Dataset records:
((

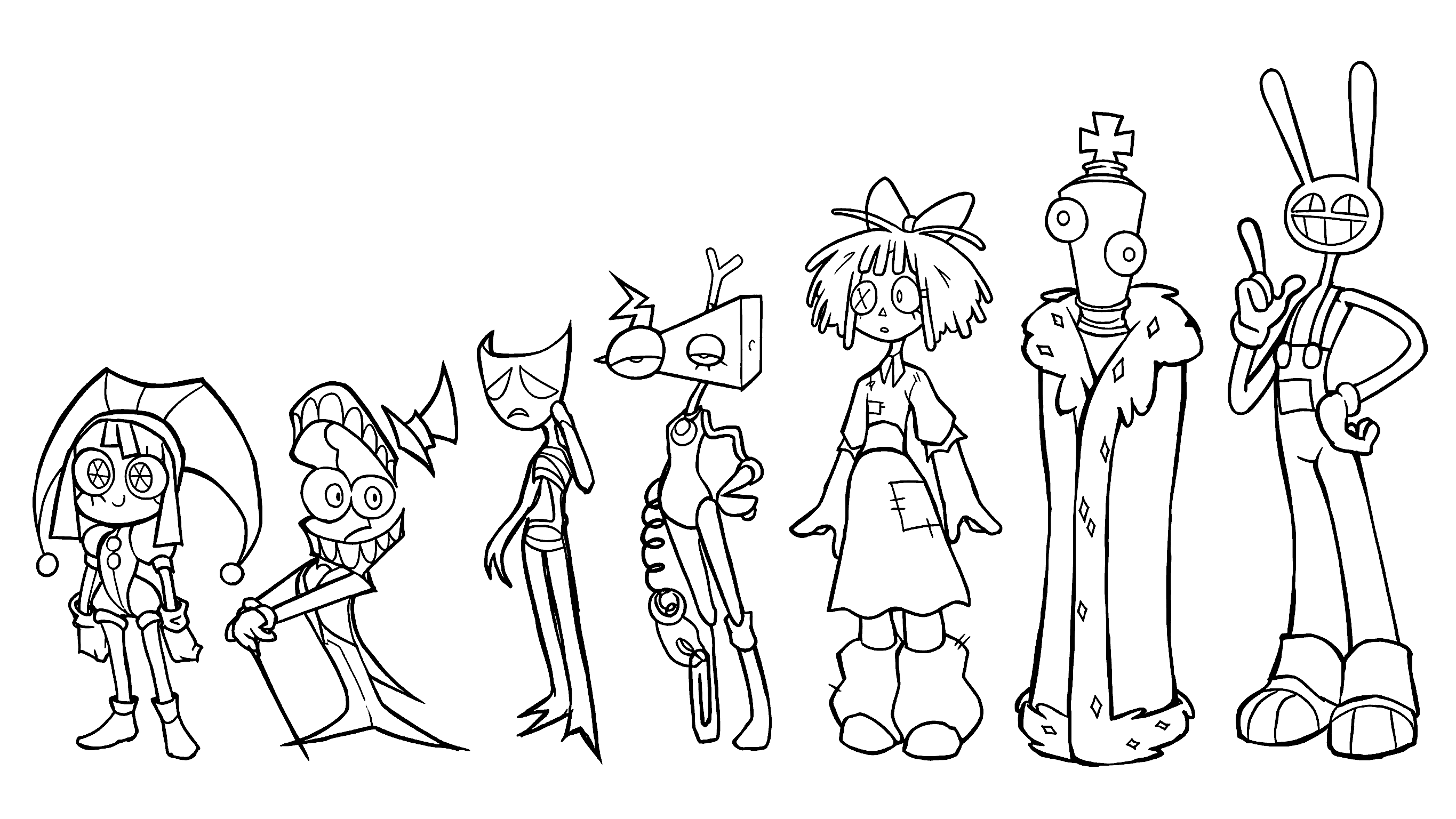 all characters lineup height chart for kids tadc the amazing digital circus line art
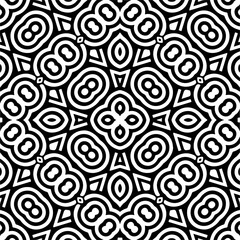 Vector monochrome seamless pattern. Abstract texture for fabric print, card, table cloth, furniture, banner, cover, invitation, decoration, wrapping.seamless repeating pattern.Black and white color.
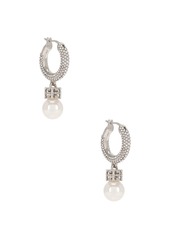 Givenchy Pearl Crystal Hoop Earrings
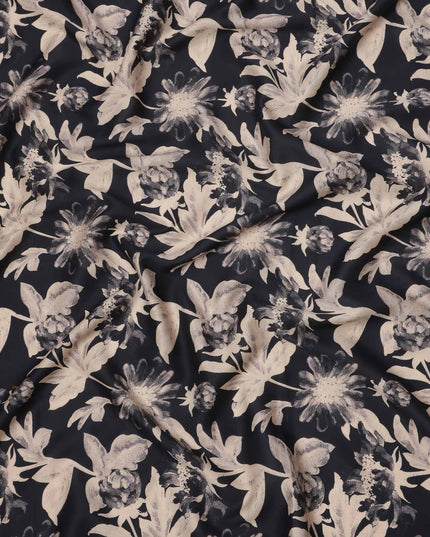 Black with Beige Monochrome Floral Printed Cotton Lawn Fabric, 110 Cms Width, Made in India-D23557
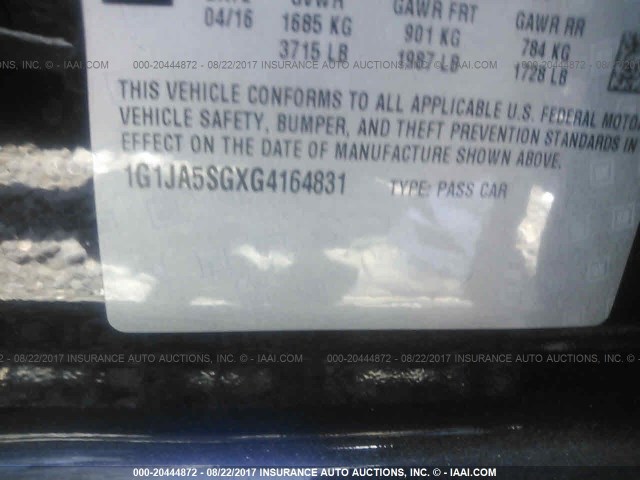 1G1JA5SGXG4164831 - 2016 CHEVROLET SONIC LS 黑色 照片 9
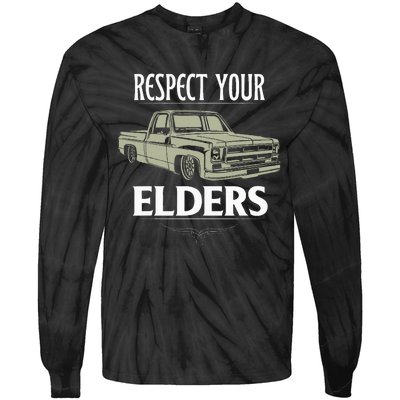 Respect Your Elders Funny Classic Pickup Truck Lovers Tie-Dye Long Sleeve Shirt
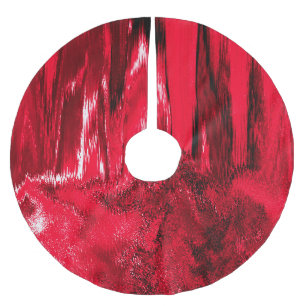 Melted Glitch Red Brushed Polyester Tree Skirt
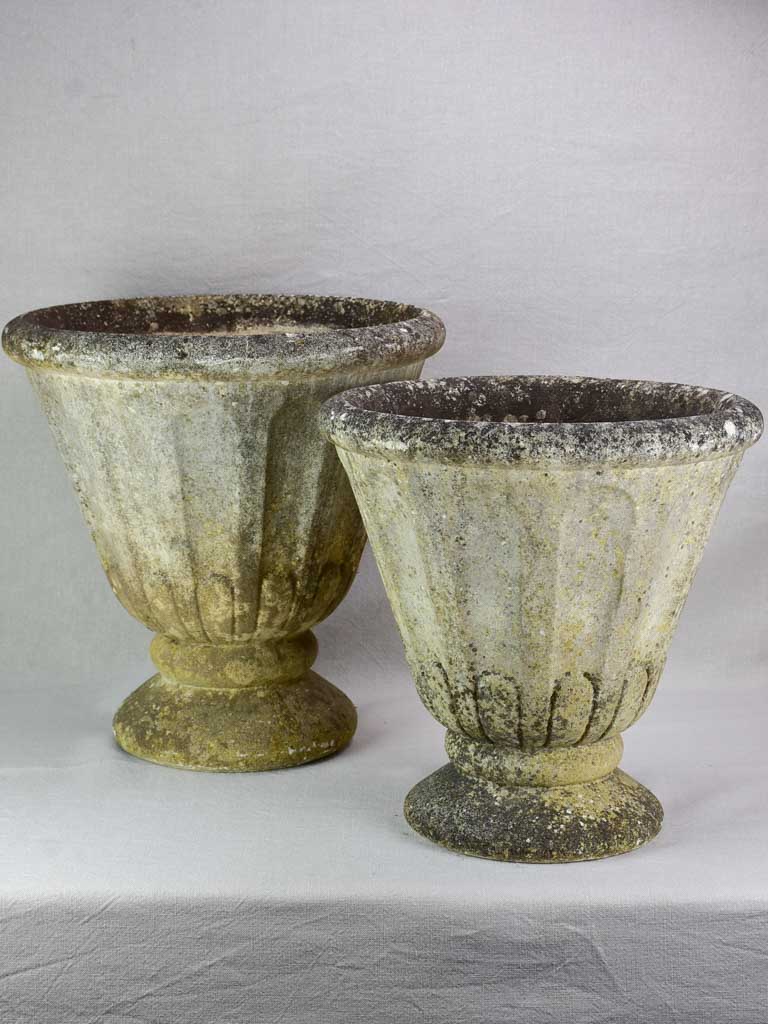 RESERVED JB Two early twentieth century French garden planters - tulip shaped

))

■ About this task ■
Repeat the records word for word and drop any pictures.

■ Solution to the problem ■
 all characters lineup height chart for kids tadc the amazing digital circus line art
 Vector monochrome seamless pattern. Abstract texture for fabric print, card, table cloth, furniture, banner, cover, invitation, decoration, wrapping.seamless repeating pattern.Black and white color.
 Givenchy Pearl Crystal Hoop Earrings
 Black with Beige Monochrome Floral Printed Cotton Lawn Fabric, 110 Cms Width, Made in India-D23557
 1G1JA5SGXG4164831 - 2016 CHEVROLET SONIC LS 黑色 照片 9
 Respect Your Elders Funny Classic Pickup Truck Lovers Tie-Dye Long Sleeve Shirt
 Melted Glitch Red Brushed Polyester Tree Skirt
 RESERVED JB Two early twentieth century French garden planters - tulip shaped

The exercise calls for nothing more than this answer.